■ **Action item**:
From the first line to the last, output the data exactly as it stands, minus its pictures.

■ **Records for the task**:
════════════════════

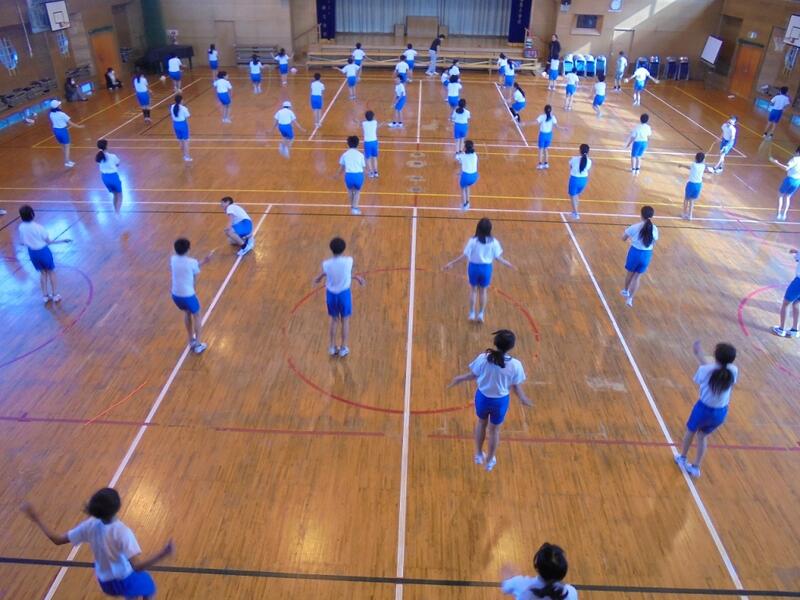 短縄大会の様子（６年生）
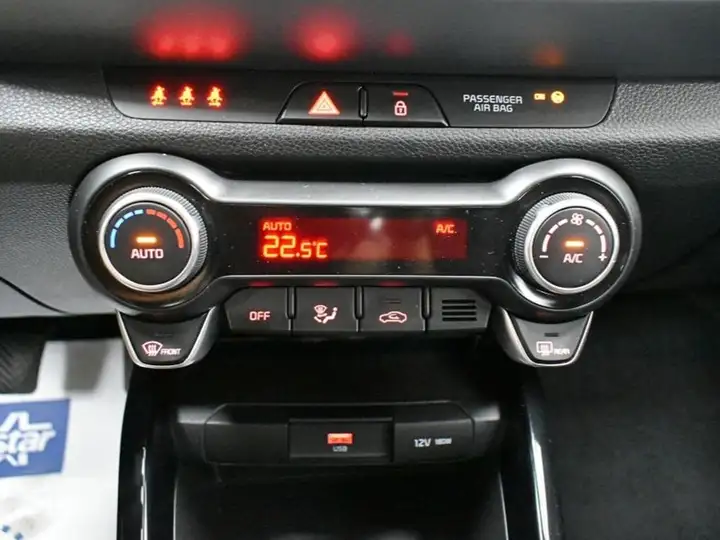 Kia Stonic 2022, foto 19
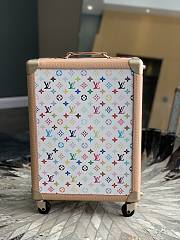 Okify Louis Vuitton x TM Rolling Trunk White Suitcase M13740 55x39x21cm - 1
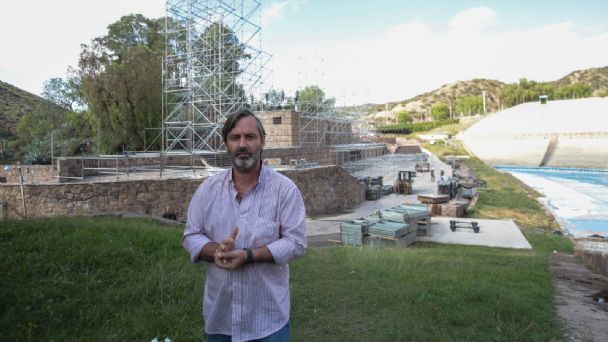 radioam950's tweet photo. AHORA Alejandro Pellegrina, del @enteturismomza y encargado de la dirección de la Fiesta de la Vendimia, habla en #CNNvps con @laufer4.

#CNNRadioArgentina 
Seguilo por https://t.co/pNOvQeChO3 https://t.co/ECm3AH2lcp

════════════════════

■ **Solved exercise**:
 短縄大会の様子（６年生）
 Kia Stonic 2022, foto 19
 Okify Louis Vuitton x TM Rolling Trunk White Suitcase M13740 55x39x21cm - 1
 radioam950's tweet photo. AHORA Alejandro Pellegrina, del @enteturismomza y encargado de la dirección de la Fiesta de la Vendimia, habla en #CNNvps con @laufer4.

#CNNRadioArgentina 
Seguilo por https://t.co/pNOvQeChO3 https://t.co/ECm3AH2lcp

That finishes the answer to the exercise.